Assigned task |
Please output every entry below exactly as written, leaving out any pictures.

Records shown |
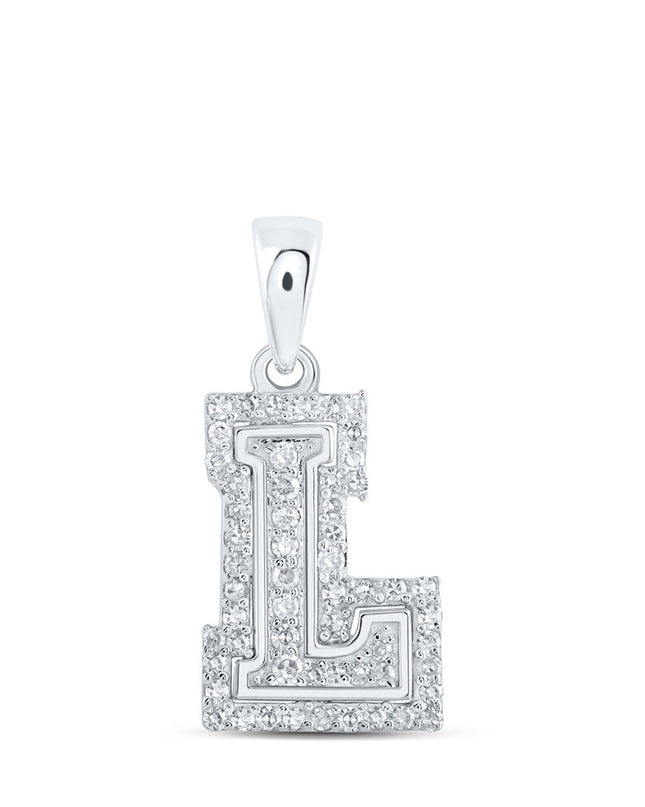 10kt White Gold Womens Round Diamond L Initial Letter Pendant 1/6 Cttw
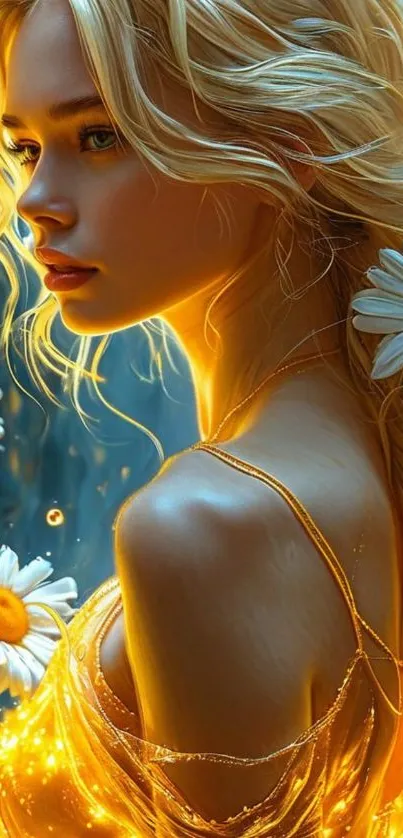 A woman in glowing fantasy setting with flowers in her hair.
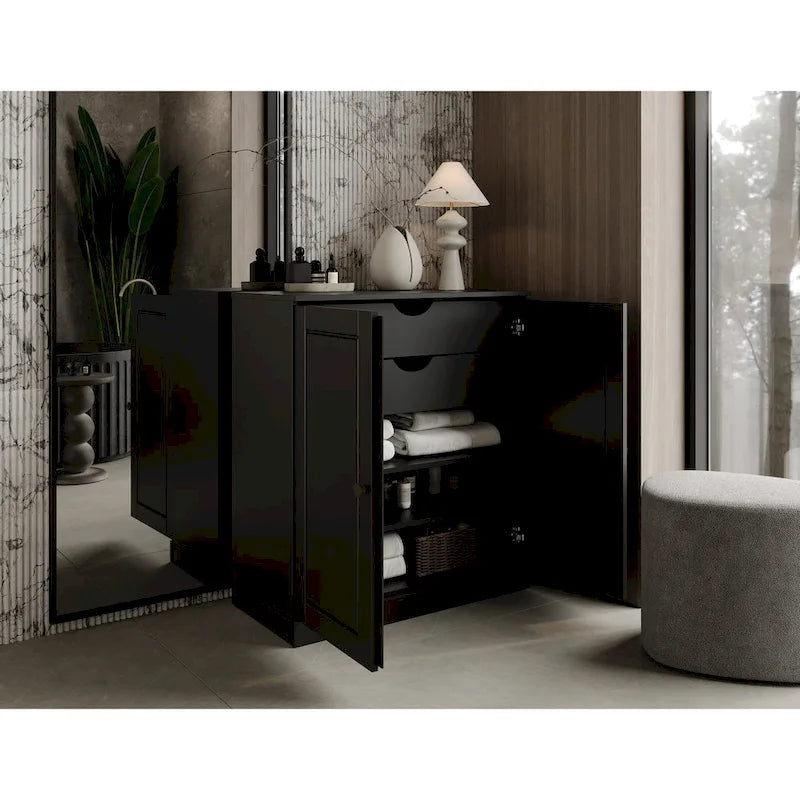Imports 100% Solid Wood 32 Bathroom Cabinet with Solid Doors, 2-Drawers and Adjustable Shelves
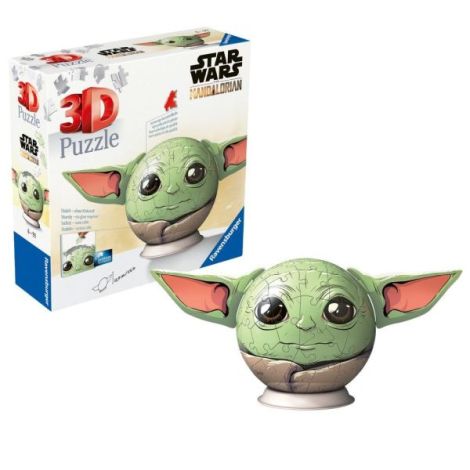 Ravensburger - Puzzle 3D Star Wars The Mandalorian figurina Grogu cu urechi 72 piese - poza 1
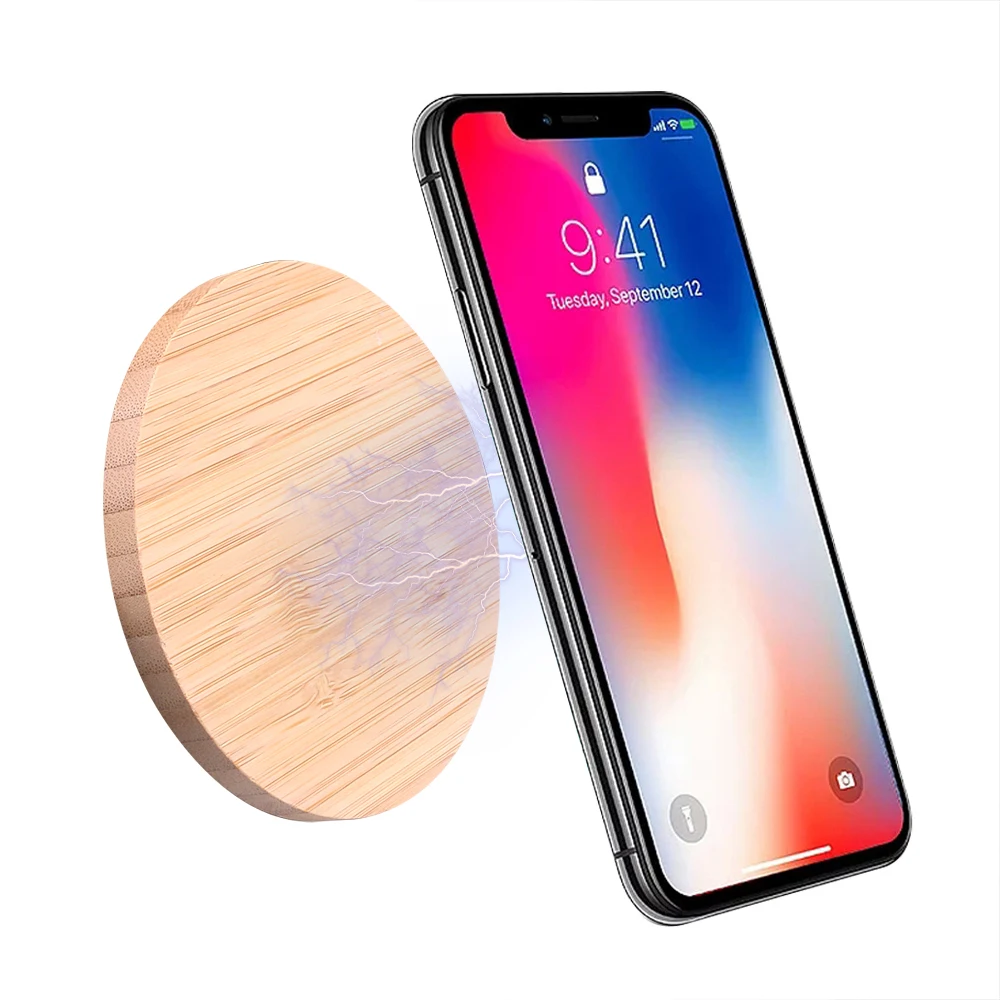 Портативное беспроводное зарядное устройство Qi Wood Pad тонкое для Apple iPhone 8 Plus X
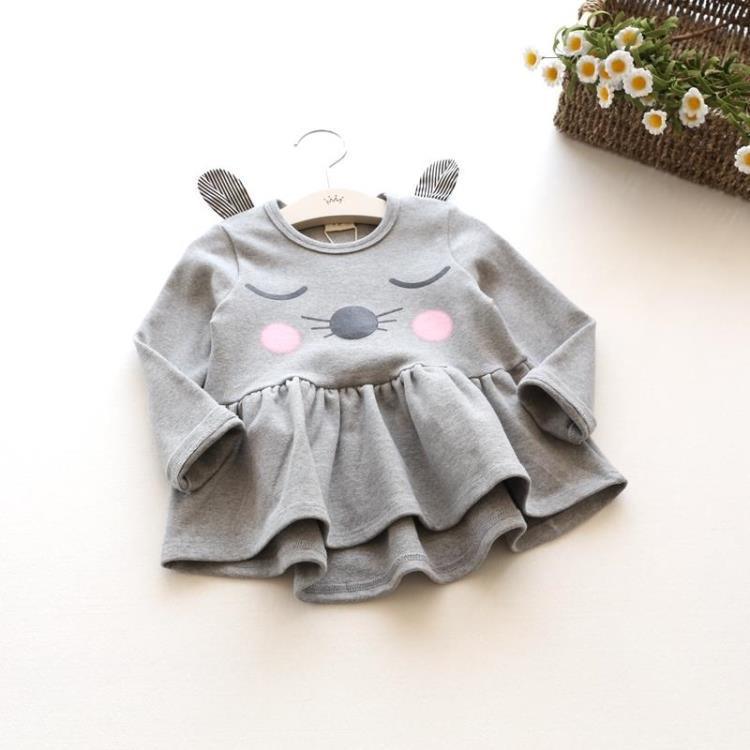 Spring and autumn new kids dress Korean girls dress skirt manufacturers selling cat - - Your-Look
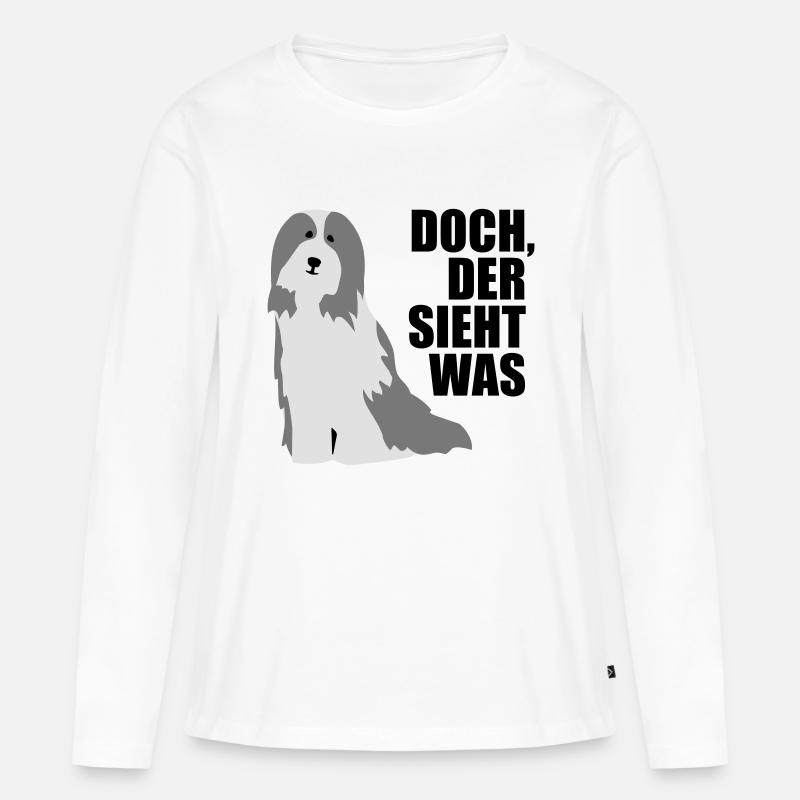 Bearded Collie - Frauen Premium Bio Langarmshirt - Weiß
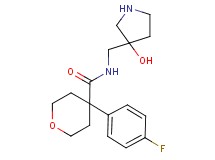 4-(4-fluorophenyl)-N-[(3-hydroxy-3-pyrrolidinyl)methyl]tetrahydro-2H-pyran-4-carboxamide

Response box |
 10kt White Gold Womens Round Diamond L Initial Letter Pendant 1/6 Cttw
 A woman in glowing fantasy setting with flowers in her hair.
Imports 100% Solid Wood 32 Bathroom Cabinet with Solid Doors, 2-Drawers and Adjustable Shelves
 Ravensburger - Puzzle 3D Star Wars The Mandalorian figurina Grogu cu urechi 72 piese - poza 1
 Портативное беспроводное зарядное устройство Qi Wood Pad тонкое для Apple iPhone 8 Plus X
 Spring and autumn new kids dress Korean girls dress skirt manufacturers selling cat - - Your-Look
 Bearded Collie - Frauen Premium Bio Langarmshirt - Weiß
 4-(4-fluorophenyl)-N-[(3-hydroxy-3-pyrrolidinyl)methyl]tetrahydro-2H-pyran-4-carboxamide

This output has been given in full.